James Burkhart pleaded guilty to three federal felony offenses: conspiracy to commit fraud, conspiracy to violate the anti-kickback statute and money laundering. Burkhart and his co-conspirators funneled nearly $19.4 million in fraud and kickbacks to themselves through a web of shell companies, with most of the money originating from Indiana’s public health system. Burkhart then used this money to purchase property, vacations, jewelry and even gold bars.
The DOJ press release reported that Burkhart once told a vendor, who would later become an informant, “I’ll get mine, I always told ya, I’ll get mine one way or another.” Burkhart and his co-conspirators asked the vendor to inflate his bills by 30 percent and pay the overage to one of their shell companies. The vendor refused and went to the FBI, which then launched an investigation along with the IRS and HHS-OIG.

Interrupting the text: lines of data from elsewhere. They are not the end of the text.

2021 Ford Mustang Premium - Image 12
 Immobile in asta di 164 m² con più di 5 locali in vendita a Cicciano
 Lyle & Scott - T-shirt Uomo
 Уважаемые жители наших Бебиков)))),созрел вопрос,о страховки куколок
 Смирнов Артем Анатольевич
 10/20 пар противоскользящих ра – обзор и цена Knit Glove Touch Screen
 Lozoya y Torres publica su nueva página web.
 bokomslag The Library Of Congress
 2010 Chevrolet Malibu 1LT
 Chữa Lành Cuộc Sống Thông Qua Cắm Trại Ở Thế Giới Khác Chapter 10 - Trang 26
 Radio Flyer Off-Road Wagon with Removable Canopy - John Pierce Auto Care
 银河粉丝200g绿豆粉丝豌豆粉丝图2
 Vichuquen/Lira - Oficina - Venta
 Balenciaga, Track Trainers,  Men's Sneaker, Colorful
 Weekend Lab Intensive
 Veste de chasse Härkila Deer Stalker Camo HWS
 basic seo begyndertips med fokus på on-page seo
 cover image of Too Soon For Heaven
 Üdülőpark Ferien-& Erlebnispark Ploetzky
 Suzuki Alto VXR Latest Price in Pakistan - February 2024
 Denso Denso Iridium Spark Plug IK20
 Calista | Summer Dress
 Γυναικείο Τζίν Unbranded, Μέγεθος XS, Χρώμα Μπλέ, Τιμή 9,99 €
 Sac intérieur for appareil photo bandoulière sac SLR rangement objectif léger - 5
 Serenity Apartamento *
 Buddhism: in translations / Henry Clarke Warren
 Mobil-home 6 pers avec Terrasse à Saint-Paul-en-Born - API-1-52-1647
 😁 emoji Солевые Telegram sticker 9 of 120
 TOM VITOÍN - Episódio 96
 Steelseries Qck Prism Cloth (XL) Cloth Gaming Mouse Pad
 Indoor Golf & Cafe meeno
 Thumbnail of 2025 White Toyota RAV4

The personal liability trend began with the DOJ’s publication of the “Yates Memo” in September 2015. Named after former Deputy Attorney General Sally Yates, the memo directed DOJ attorneys to follow six “key steps” for the prosecution of individuals when reviewing corporate fraud and abuse. Prior to the Yates Memo, there was an average of 5-6 settlements per year where individuals were personally named. In 2017, there were at least 33.
In addition to jail time, Burkhart’s gold bars and other seized assets will be criminally forfeited, and he will be required to pay full restitution and serve three years of supervised release following his prison sentence. His co-defendants are being sentenced in four separate hearings this month.